One aspect I want to highlight that really fascinates me is how pedestrian an announcement like this really is. When it comes to corporate governance, our current crop of political and business leaders just don't think lawbreaking is a relevant bit of history. They implement policies with severe consequences for the slightest infractions for others, while they seek for themselves immunity from even direct lawbreaking.

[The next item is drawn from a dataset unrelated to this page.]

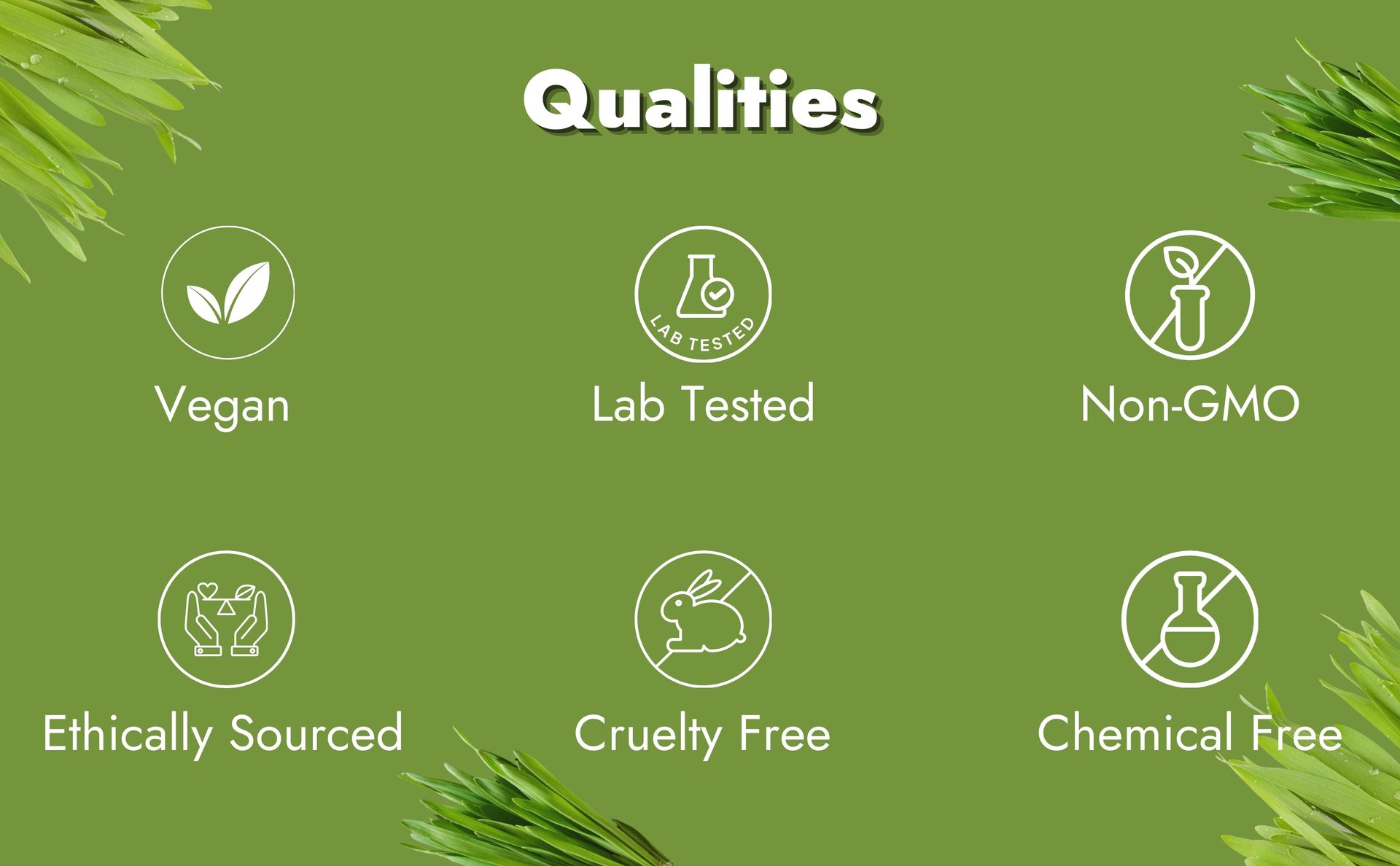 Certified Organic Barley Grass Powder, 200gm | Energy Boost | Skin Health | Weight Management | Barley Grass Green Juice Powder | Super Green Powder(100gm,each pack of 2)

I am not part of the advocacy for getting rid of corporations as we know them today. I think they are one of the most important developments of the 20th century. Bureaucracy, economies of scale, redundancy, and so forth, are valuable in both some governmental and some private sector organizations. What I would emphasize is that in large organizations in particular, leadership is the most important component of senior management. Specific skills and experience, as well as general competence and intelligence, are of course valuable. But far and away, it's the ethos, the organizational culture, espoused by the leadership style of the senior management team that sets the tone for everything else.
A telecommunications executive who spent his last couple years covering up massive impropriety in concert with the Bush Administration should retire away quietly. We need change, desperately, at places like GM. Fresh blood, not more of the same corporate leadership that has so spectacularly failed us.
One other tidbit. AT&T isn't his only affiliation. There is something that at least gets him a little closer in experience to the auto industry.
In 2008, he was paid about $478,000 as a Director at Exxon Mobil.